## What needs to be done
Set down every record below exactly as it stands, with the pictures omitted.

## Records to use
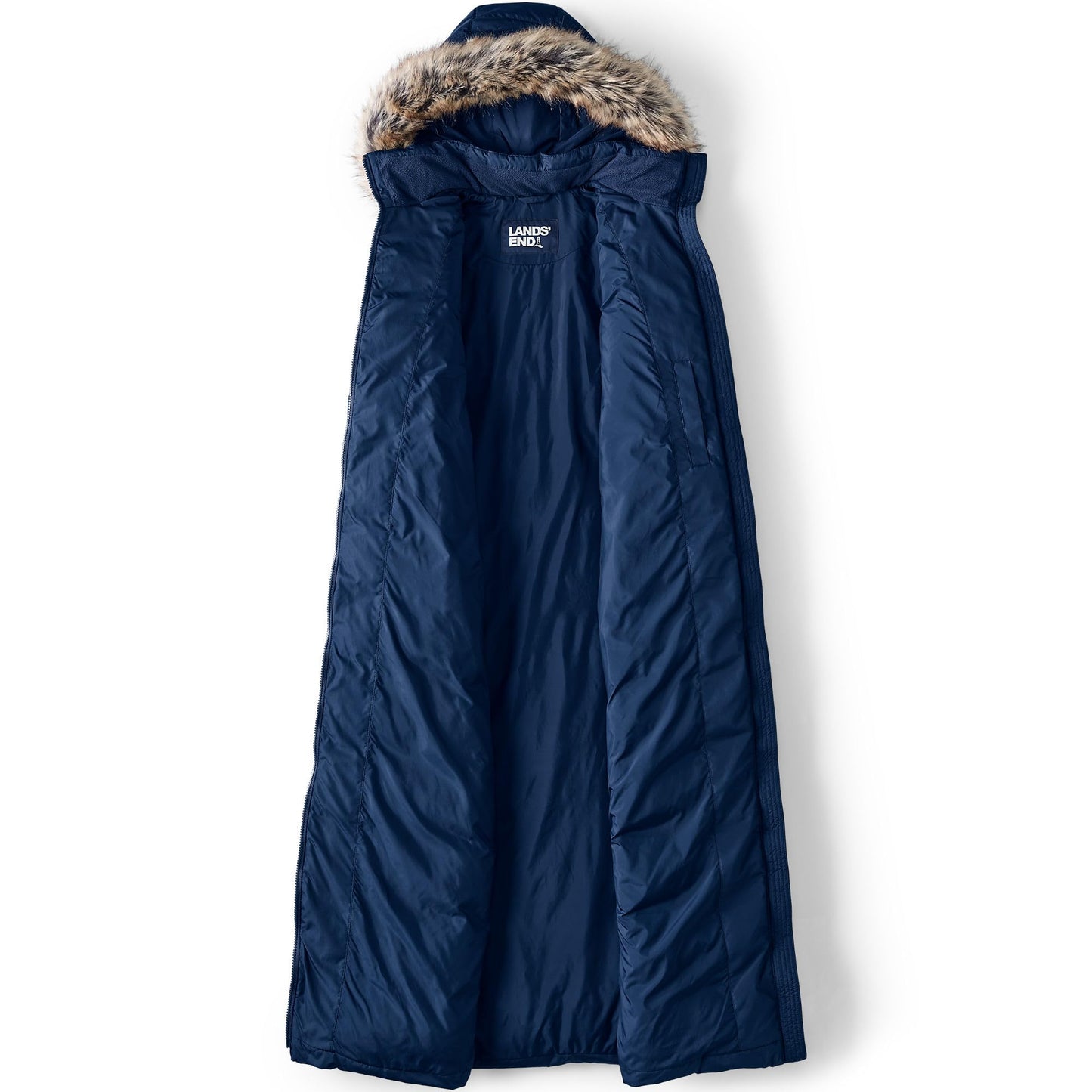 Lands' End Womens Long Maxi Down Coat Deep Sea Navy Tall Small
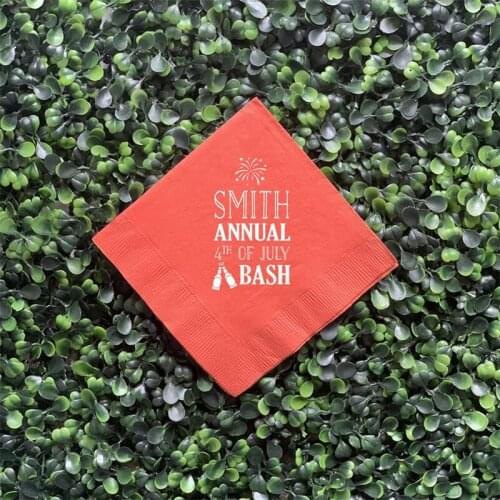 Custom Party Napkins -Annual July 4th Bash - Personalized 4th of July Napkin, July 4th Cocktails - July 4th Napkins, Fireworks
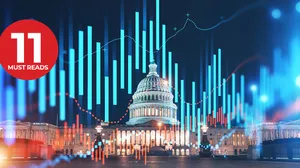 financial chart over Washington DC financial chart over Washington DC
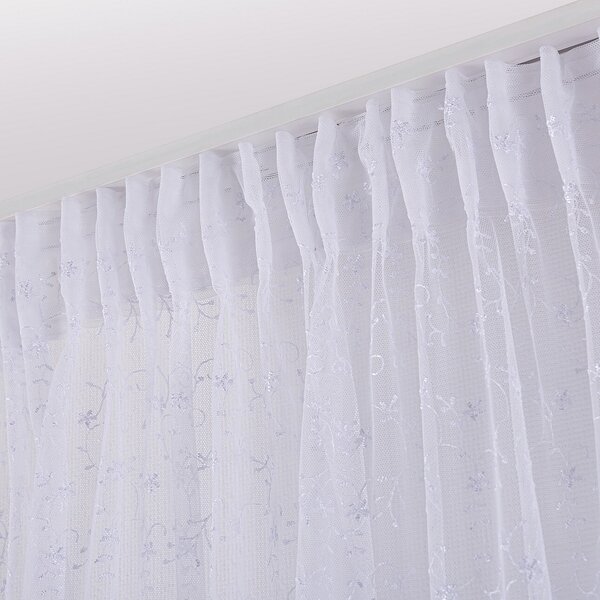 Pencil pleat voile/net curtain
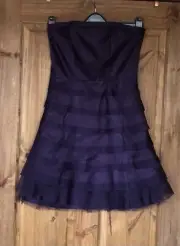 Next purple silk layered ruffle net short strapless dress, 8 BNWT *please read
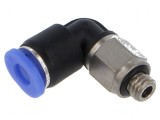 Racord push-in unghi 0,95-10bar alamă nichelată și plastic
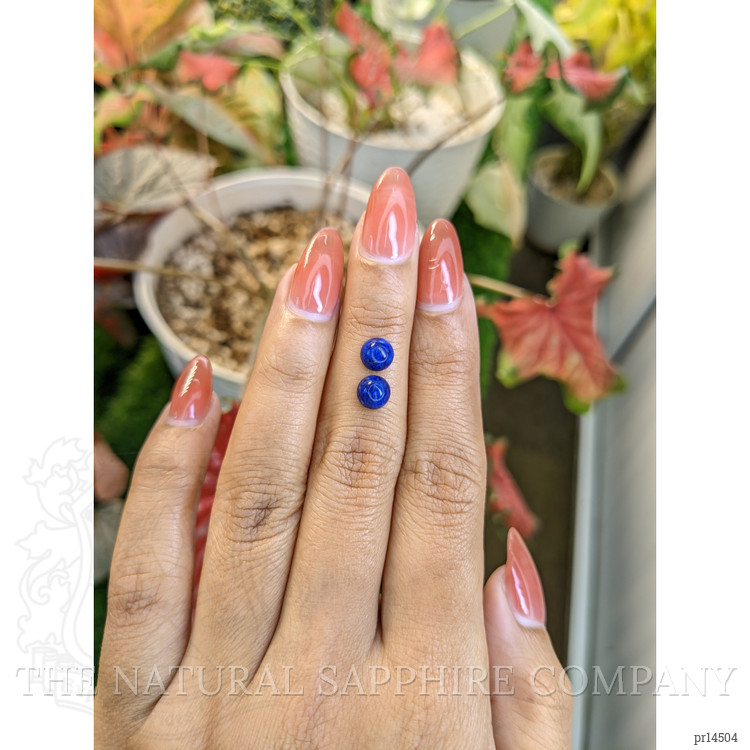 1.84 Ct.Tw. Cabochon Lapis Pair from Afghanistan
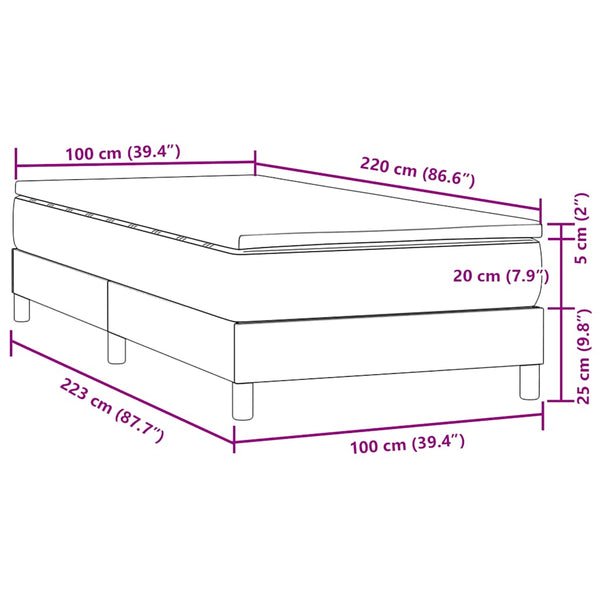 Boxspringbett mit Matratze Dunkelblau 100x220 cm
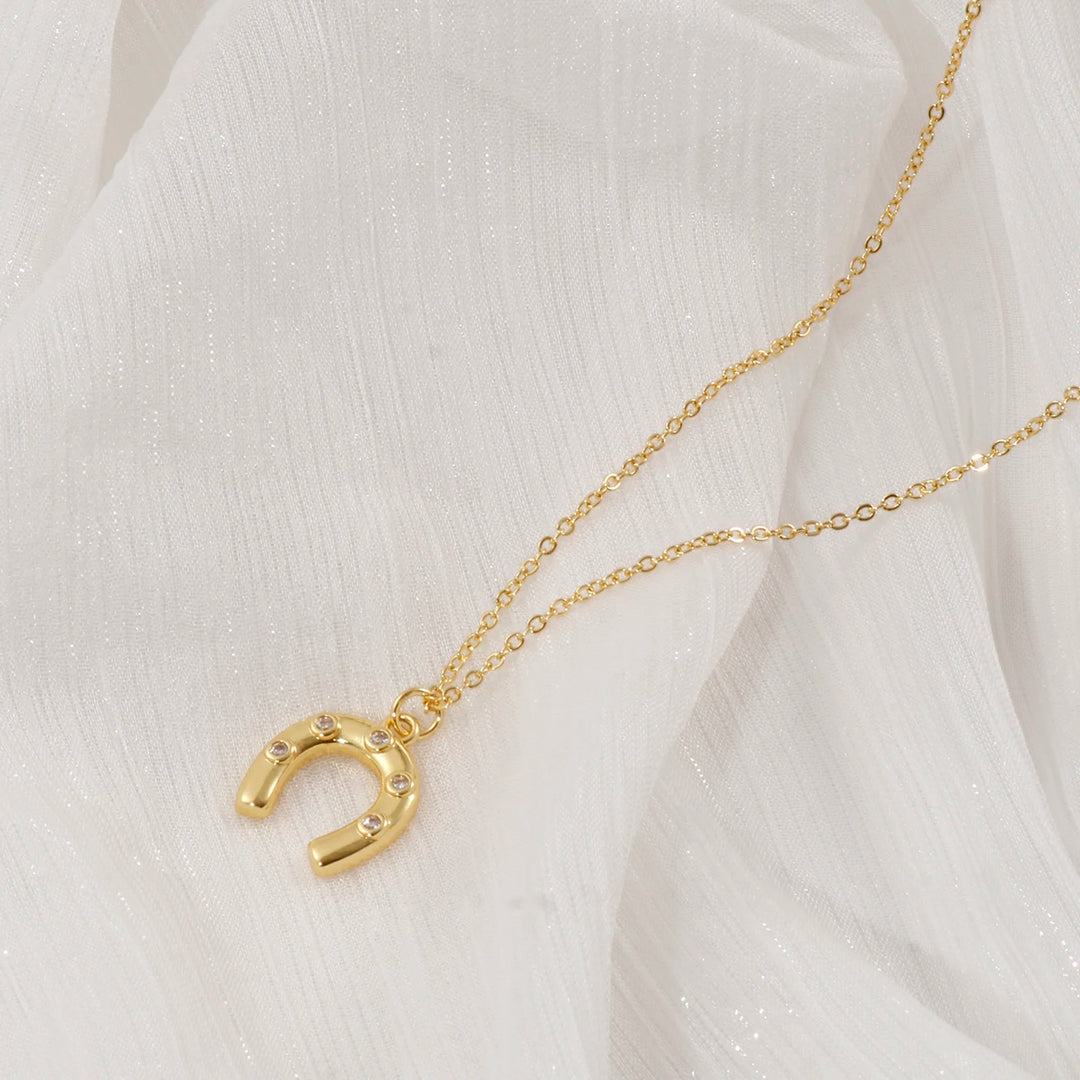 1 Piece Stylish West Cowboy 18K Real Gold Plated Brass Link Cable Chain Luck Horseshoe Pendant Charm Necklace For Women Gift 5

## Response box
 Lands' End Womens Long Maxi Down Coat Deep Sea Navy Tall Small
 Custom Party Napkins -Annual July 4th Bash - Personalized 4th of July Napkin, July 4th Cocktails - July 4th Napkins, Fireworks
 financial chart over Washington DC financial chart over Washington DC
 Pencil pleat voile/net curtain
 Next purple silk layered ruffle net short strapless dress, 8 BNWT *please read
 Racord push-in unghi 0,95-10bar alamă nichelată și plastic
 1.84 Ct.Tw. Cabochon Lapis Pair from Afghanistan
 Boxspringbett mit Matratze Dunkelblau 100x220 cm
 1 Piece Stylish West Cowboy 18K Real Gold Plated Brass Link Cable Chain Luck Horseshoe Pendant Charm Necklace For Women Gift 5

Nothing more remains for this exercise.